58 Lors des premiers repérages, Duvivier s’était lancé

à la recherche d’une terrasse bien située […] Dans la Casba [sic], c’est une épreuve difficile à accomplir et qui ne va pas sans cris ni protestations. La place est farouchement défendue par une armée de mégères plus eu moins apprivoisées, qui en viennent facilement aux menaces […] car, ici, la photographie et le cinéma sont frappés d’anathème. Nous avons eu, cependant, la chance d’avoir à faire, finalement, à Zoubida. Zoubida est une Indigène évoluée et plantureuse. Elle n’a mis aucune mauvaise volonté à nous consentir l’accès de son « immeuble », malgré l’opposition d’une duègne rageuse qui invoquait, inutilement d’ailleurs, les principes de la décence, les lois prophétiques et Satan. (Afrique du Nord illustrée, 10 octobre 1936)

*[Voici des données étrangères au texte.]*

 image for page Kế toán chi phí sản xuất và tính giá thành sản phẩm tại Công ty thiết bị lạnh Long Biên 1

Mais cette dame versatile a, paraît-il, changé d’avis. Sous le prétexte fallacieux que la décence interdit de pareilles libertés, elle nous oppose sans plus de façon un refus catégorique et c’est ailleurs, dans une maison généreusement ouverte à toutes les fantaisies, que nous nous réfugions. (Ibid., 21 novembre 1936)

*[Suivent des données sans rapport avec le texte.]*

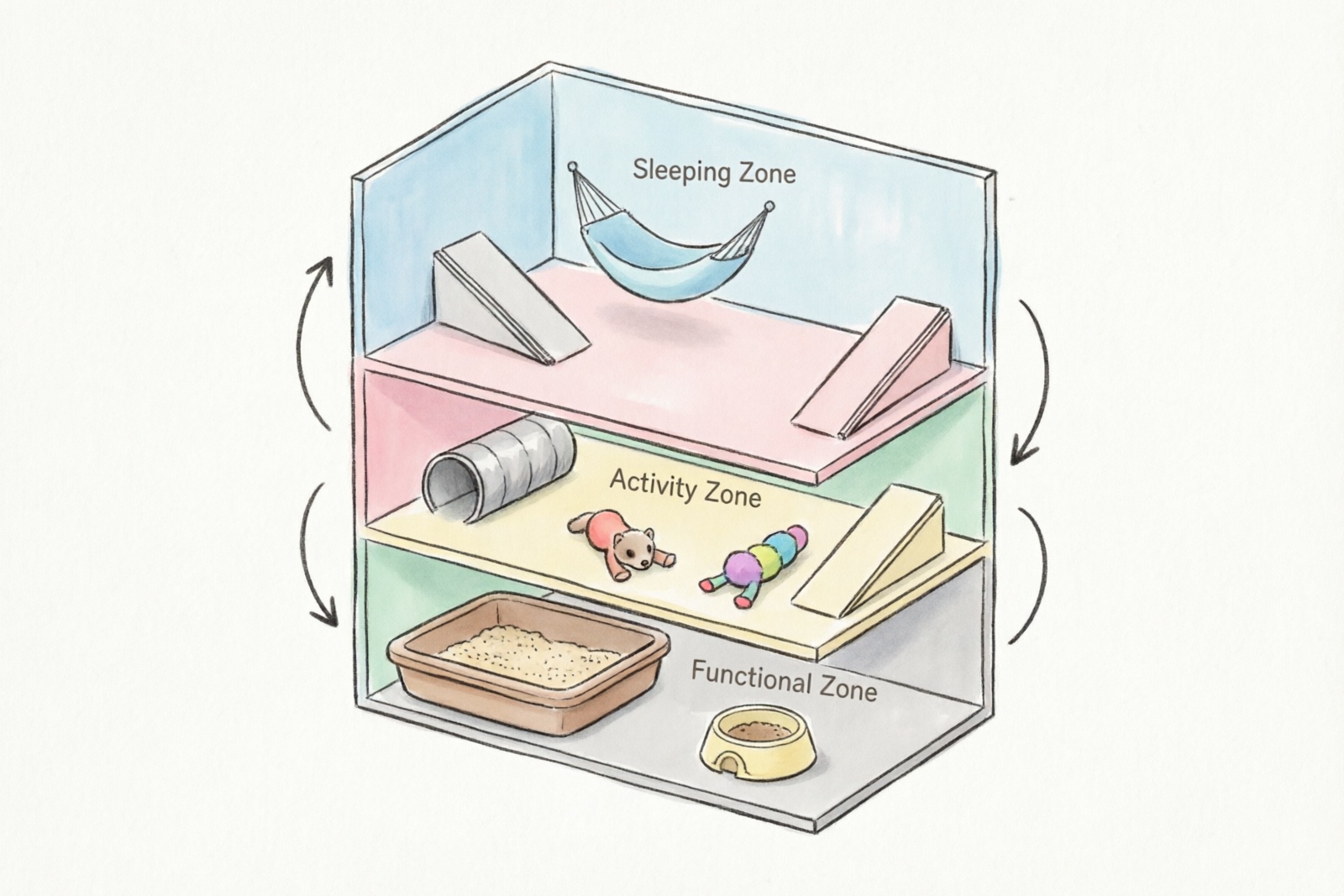 Hand-drawn diagram showing multi-level ferret cage zone layout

59 Si on lit entre les lignes, on comprend que c’est aussi par une « maison de passe » que Duvivier et les spectateurs de son film ont finalement eu accès à une terrasse et au monde des femmes de la Casbah, très réticentes à y autoriser un regard masculin, et encore moins son enregistrement. Est-ce la même Zoubida qu’évoque Lucienne Favre ? « La propriétaire de cette maison, de cette terrasse merveilleuse est une musulmane qui a refusé récemment de l’Agence Cook une rétribution importante. Il s’agissait de permettre aux hordes de touristes […] de venir contempler ici cette survivance de l’Orient. » (1933 : 260) Une autre forme de résistance passive précoce est rapportée par Eugène Fromentin :

« pour se défendre contre les indiscrétions qui les blessent », les Maures ont d’abord

« élev[é] les parapets de leurs terrasses », puis se sont « réfugiés sur la galerie intérieure de leurs domiciles violés » où ils sont « poursuivi[s par] des regards inquisiteurs », au point d’être « maintenant condamnés à vivre dans les chambres sombres qui s’ouvrent au niveau des cours » (1859 : 40).

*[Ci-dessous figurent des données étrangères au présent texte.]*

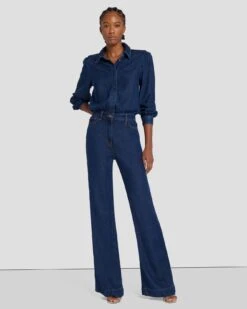 7 For All Mankind Denim Lustre Long Sleeve Jumpsuit In Poppy -7 For All Mankind 7U837C86 PPY 6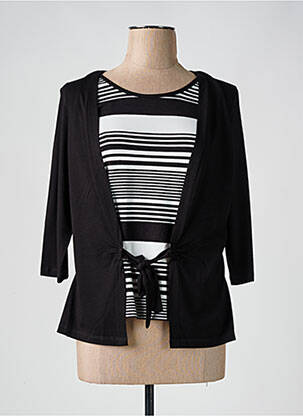 Top tissage jersey manches 3/4 noir LEBEK femme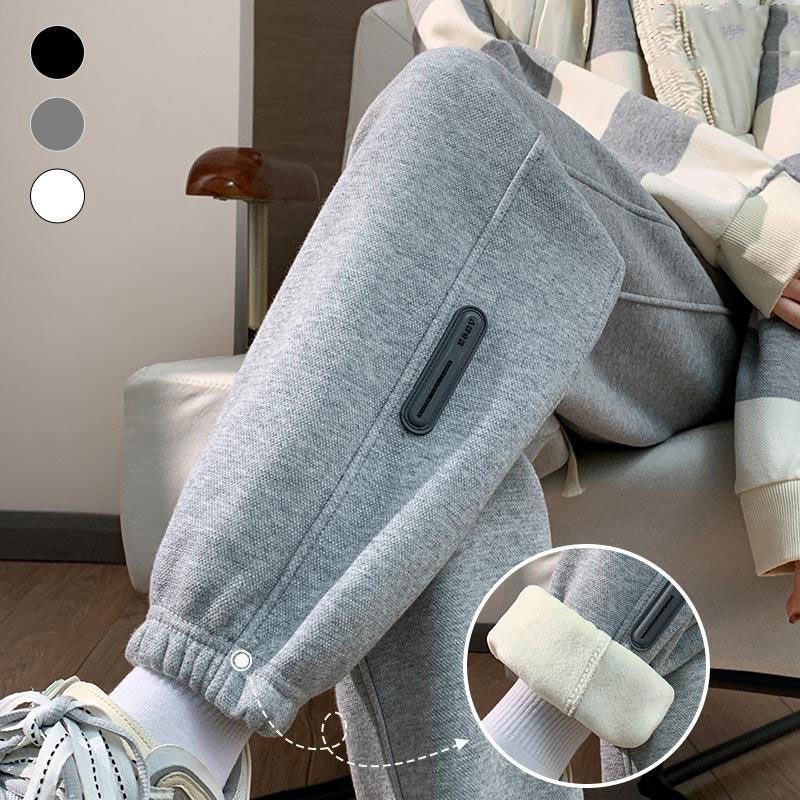 艾格秋冬哈伦裤加绒运动裤女宽松束脚休闲裤时尚显瘦百搭外穿卫裤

60 L’érotisation des terrasses de la Casbah permet de mettre en évidence : 1) le droit de regard, très ancré dans l’idéologie et la violence coloniale (Fanon, 1959), qui fonde la consommation touristique de la Casbah et de ses femmes ; 2) le viol symbolique14 que

représente l’intrusion des touristes dans cet espace privé et féminin ; et 3) les diverses formes de résistances qui peuvent lui être opposées. Les Bas-Fonds d’Alger n’ont en revanche pas grand-chose à voir avec le contexte colonial. Ce lieu, sans doute unique à Alger mais dont on trouve des équivalents ailleurs, constitue une attraction touristique jouant sur les registres du burlesque et de l’obscène propres à la culture occidentale. Il atteste que l’érotisation touristique peut aussi bien procéder d’une logique hors-sol, fondée sur une performance de l’entre-soi, qui ne concerne ni n’implique les habitant et les habitantes des lieux.